In late 2021, I was with a charity team responding to support those affected by the floods in the NSW Northern Rivers region. We were dropping off some supplies to an aid station that was set up outside the Koori Mail in Lismore, when a group of Aboriginal and Torres Strait Islander men approached me and asked to have a chat. They had seen me in the media advocating for Veterans’ Affairs issues and wanted my thoughts on Indigenous Affairs issues, particularly on the Uluru Statement from the Heart. I told them I had not read it and couldn’t give an educated answer - to which one of them responded “Good, so shut up and listen”. Two of the men proceeded to explain to me about the circumstances they found many Aboriginal communities and issues within. They spoke of politically aligned and bureaucratic ‘elite’ elements of their community that profited from maintaining a victimhood based approach to Aboriginal advocacy. These men were readily able to accurately relate this situation to my experiences in the Veterans’ Affairs advocacy community, where there are senior ‘elite’ organisations that draw the majority of political and bureaucratic support in quite an ‘old boys’ network that also sees them holding hundreds of millions of dollars in assets and achieving millions of dollars more each year.
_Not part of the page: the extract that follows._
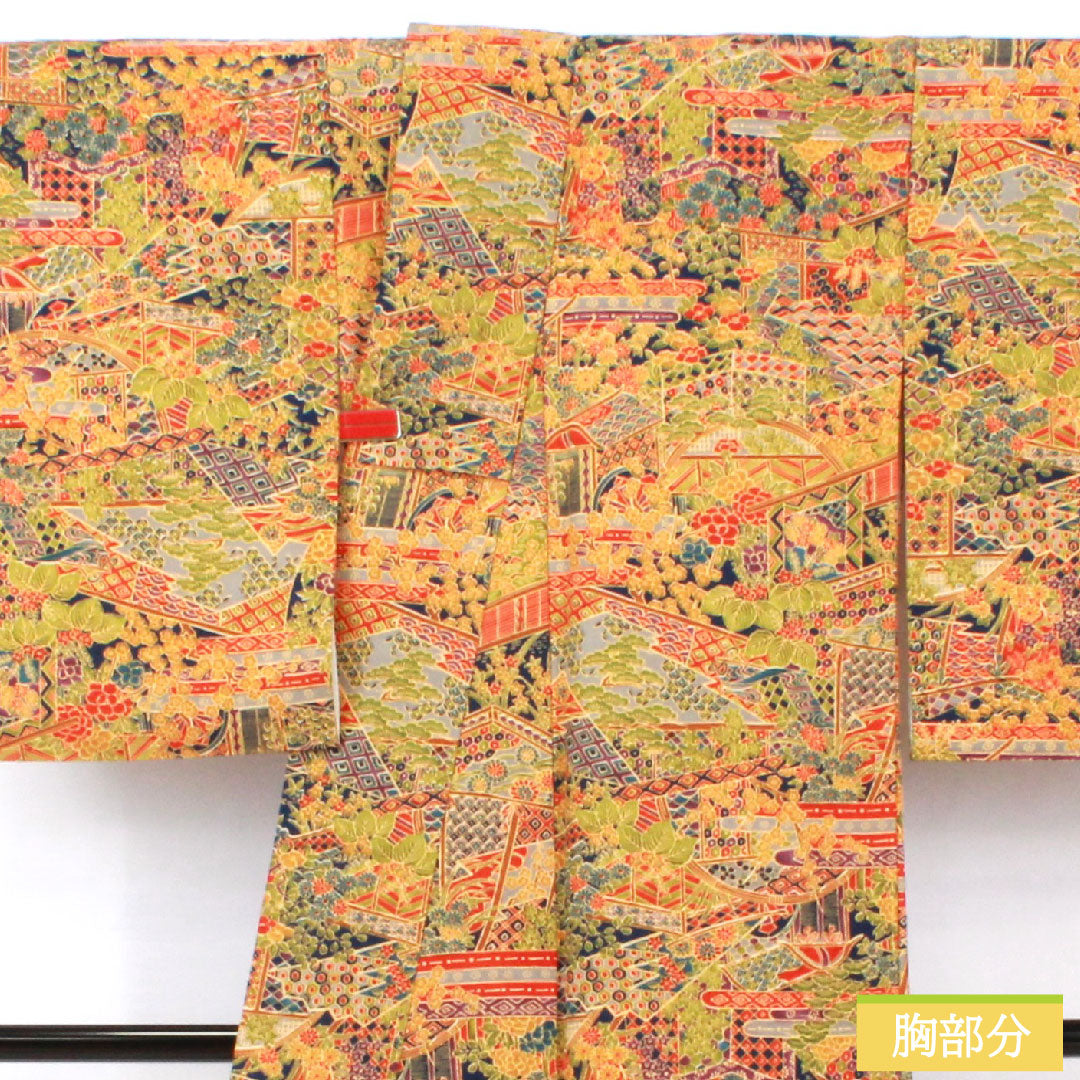 小紋 ポリエステル 身丈160cm 裄丈63.5cm 袷 紺藍色（こんあいいろ） 洗える着物 吉祥文様 Sランク 紺系 1115004612418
These gentlemen went on to say very directly - “We actually live and work within our Aboriginal communities. If you want to help our communities, then stop giving our young people free welfare, make them work for and earn it. If they commit a crime, then hold them to the same standards as white people - lock them up and make sure they learn their lesson, because too many Aboriginal kids now know that they can get away with a lot more than they should. Or let us discipline our own people. The current system sees governments reaching in to try and solve issues with money and special privileges, but all they are doing is further facilitating and enabling these patterns to continue. Community issues need to be solved by the communities and their members themselves - that goes for every community with unique issues, just like Veterans I imagine”. And they certainly are right in that last regard - with the ability for us to help  and hold our own accountable usually being the most effective.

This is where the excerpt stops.